→ INFORMATION PROVIDED

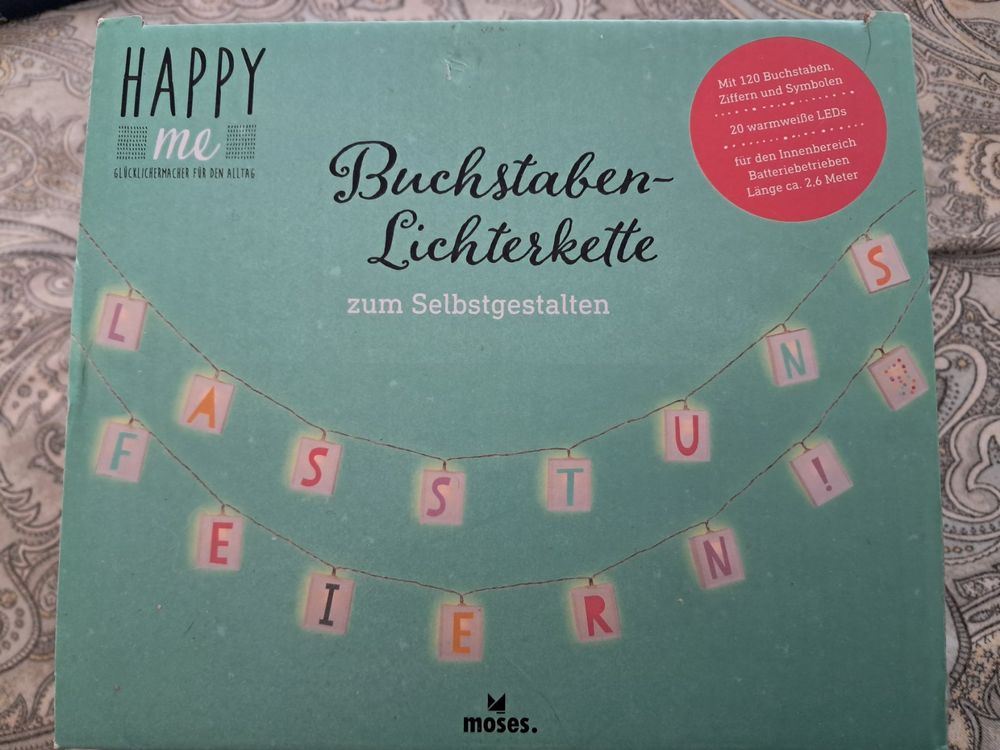 KOBOKO LED Lichterkette Happy Birthday - 1,9m Mit 13 LEDs, Batteriebetrieben Für Geburtstagsdeko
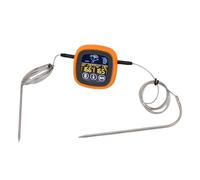 OEBUAFI Digital Touchscreen Meat Thermometer Dual Probe with Timer and Backlight for Grilling Meat Chicken Turkey Beef and Water
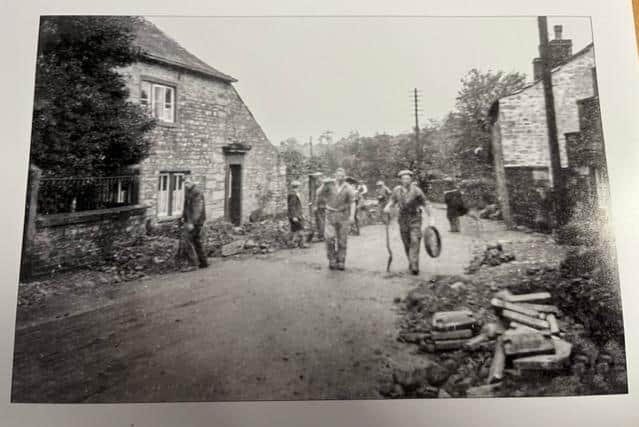The laying of electricity cables, Wennington Road, Wray, 1934. Picture courtesy of David Kenyon.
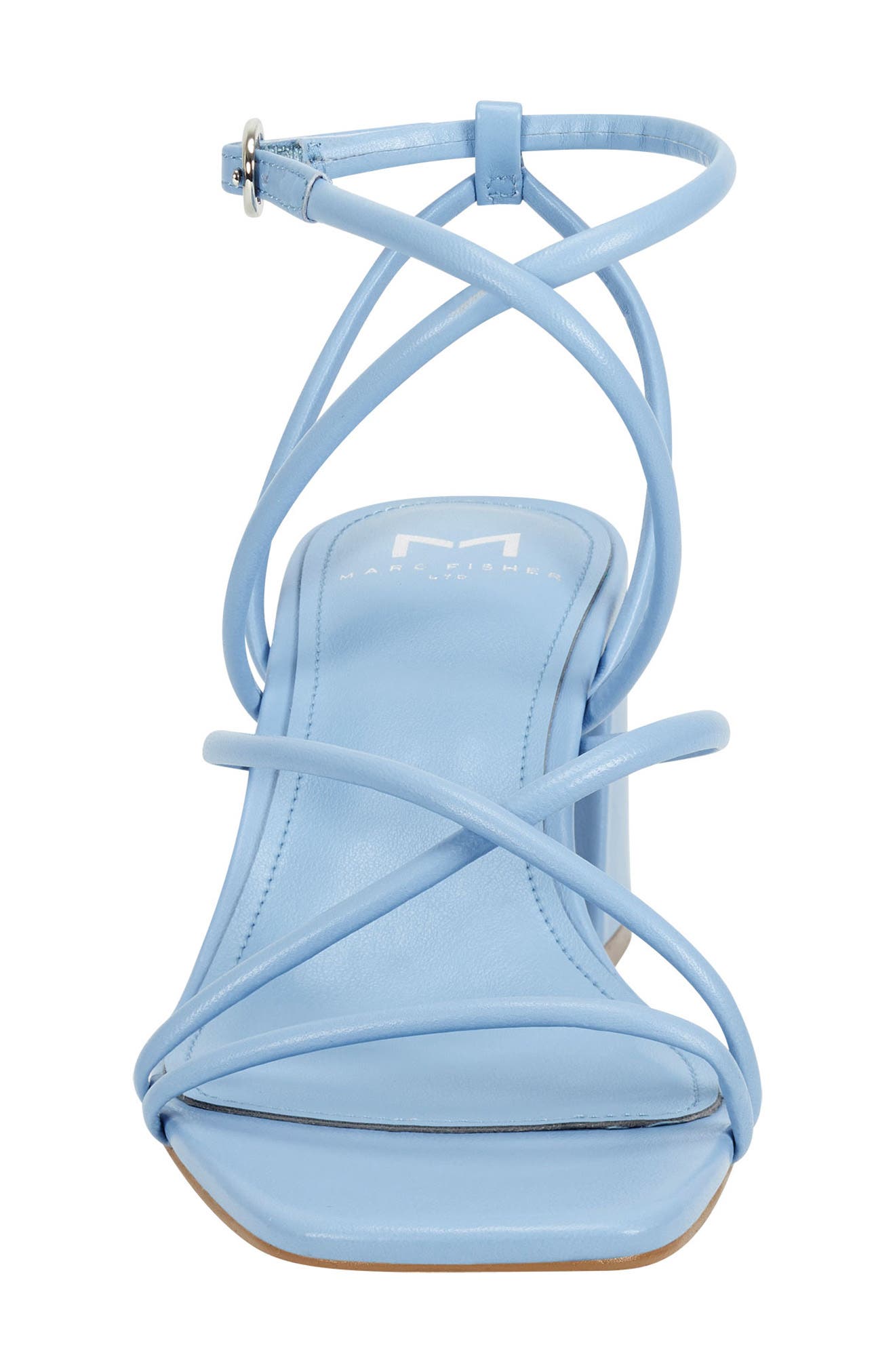 Nakita Strappy Sandal, Alternate, color, LIGHT BLUE LEATHER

→ WHAT YOU NEED TO DO
Leaving the images out, retype all the material above exactly.

→ FINISHED TASK
 KOBOKO LED Lichterkette Happy Birthday - 1,9m Mit 13 LEDs, Batteriebetrieben Für Geburtstagsdeko
 OEBUAFI Digital Touchscreen Meat Thermometer Dual Probe with Timer and Backlight for Grilling Meat Chicken Turkey Beef and Water
The laying of electricity cables, Wennington Road, Wray, 1934. Picture courtesy of David Kenyon.
 Nakita Strappy Sandal, Alternate, color, LIGHT BLUE LEATHER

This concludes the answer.